Earlier today, Blawgletter described an Eighth Circuit decision relating to insurance for acts and omissions of corporate directors and officers. That case involved coverage for the direct liability of Ds and Os to third parties ("Side A" D&O coverage). Many D&O policies also protect the companies themselves for amounts they pay under by-law provisions requiring them to indemnify the Ds and Os ("Side B" coverage).
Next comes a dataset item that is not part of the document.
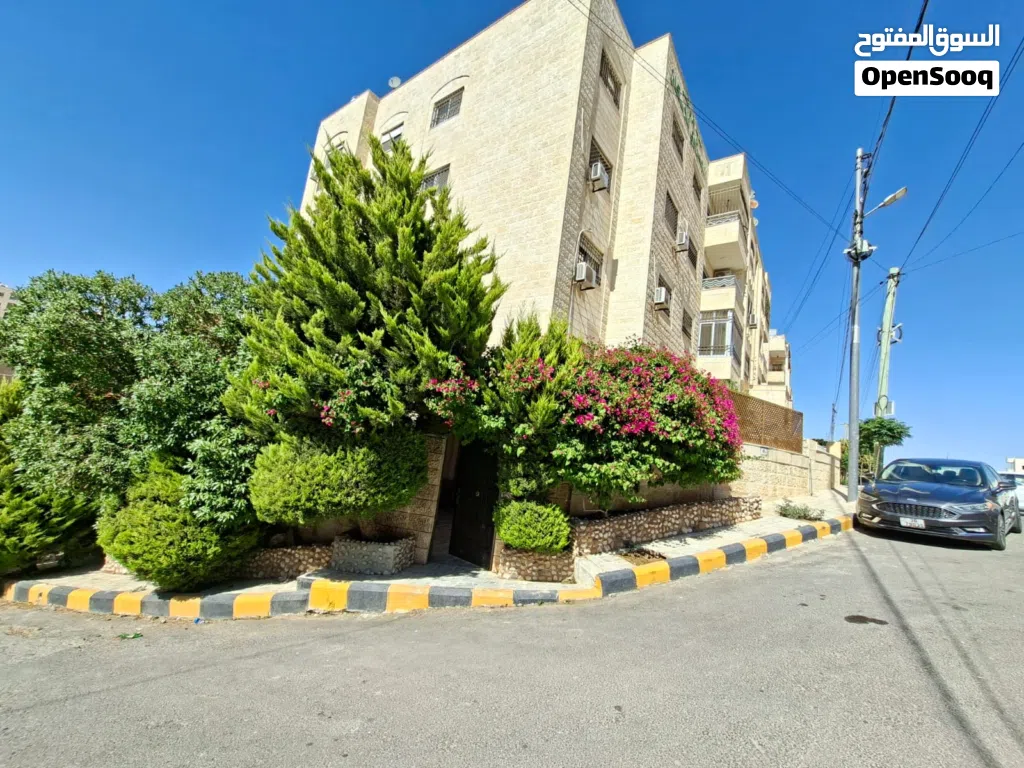 شقة تسوية فاخرة للبيع مع ترس خارجي واسع جداً
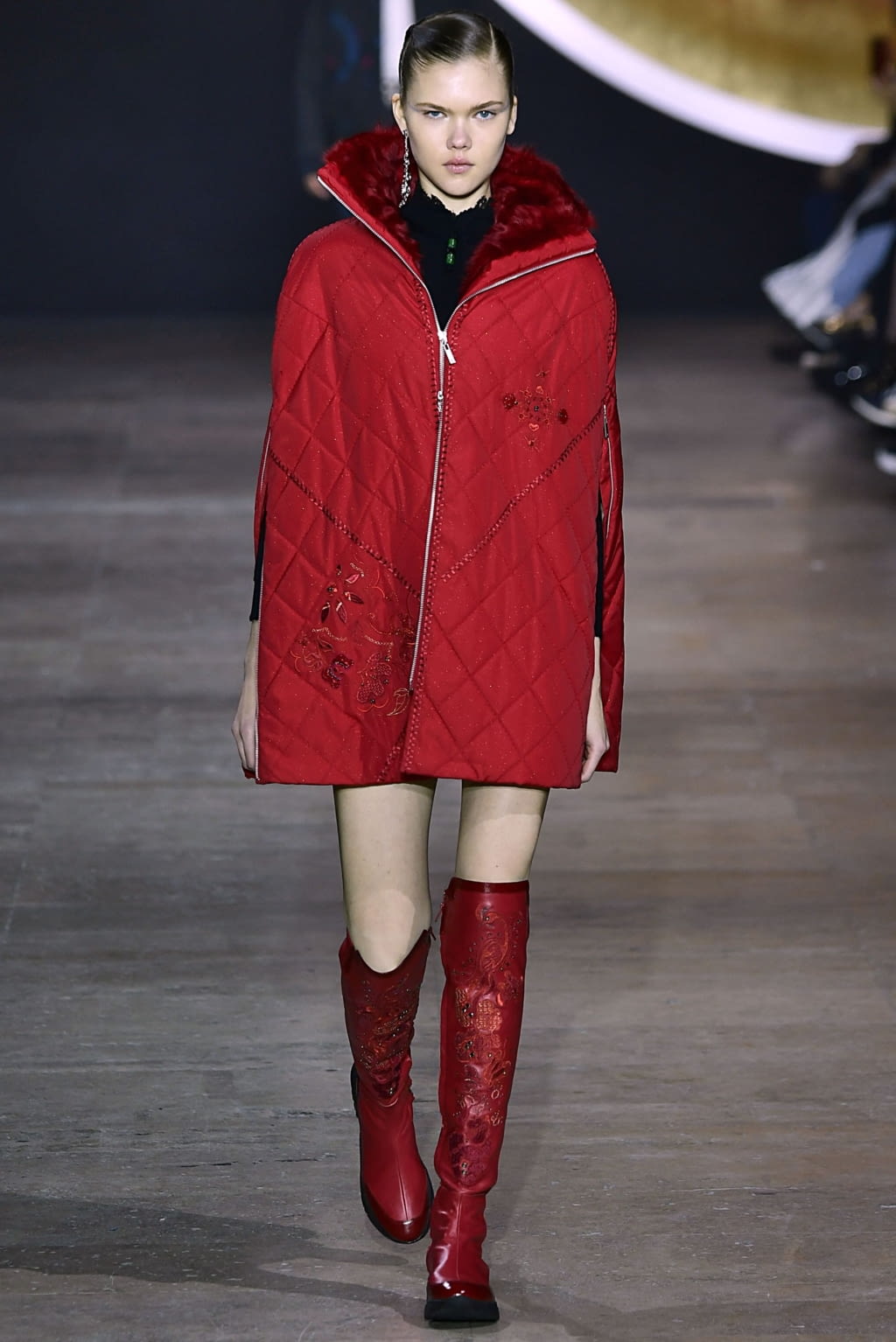 Fashion Week Paris Fall/Winter 2019 look 32 from the Shiatzy Chen collection 女装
Fascinating, no? In our defense, Blawgletter mentions Side B because a Third Circuit ruling today discussed the indemnification obligations to which Side B applies. The court affirmed a judgment against a standard-setting organization (the "ASTM") for the costs of defending and settling a case arising from ASTM’s establishment of standards for underground storage tanks. The court rejected arguments that the business judgment rule shielded ASTM’s decision to deny indemnification, that the by-law’s exclusion of intentional acts applied, that the conduct in question didn’t occur "by reason of" work for the organization, and that the defense and the settlement cost too much. Am. Soc. for Testing & Materials v. Corrpro Cos., Inc., No. 05-4164 (3rd Cir. Mar. 6, 2007).
Blawgletter hopes that ASTM has Side B coverage. How else will it pay the $1.4 million (plus attorneys’ fees) that the district court awarded and the Third Circuit upheld?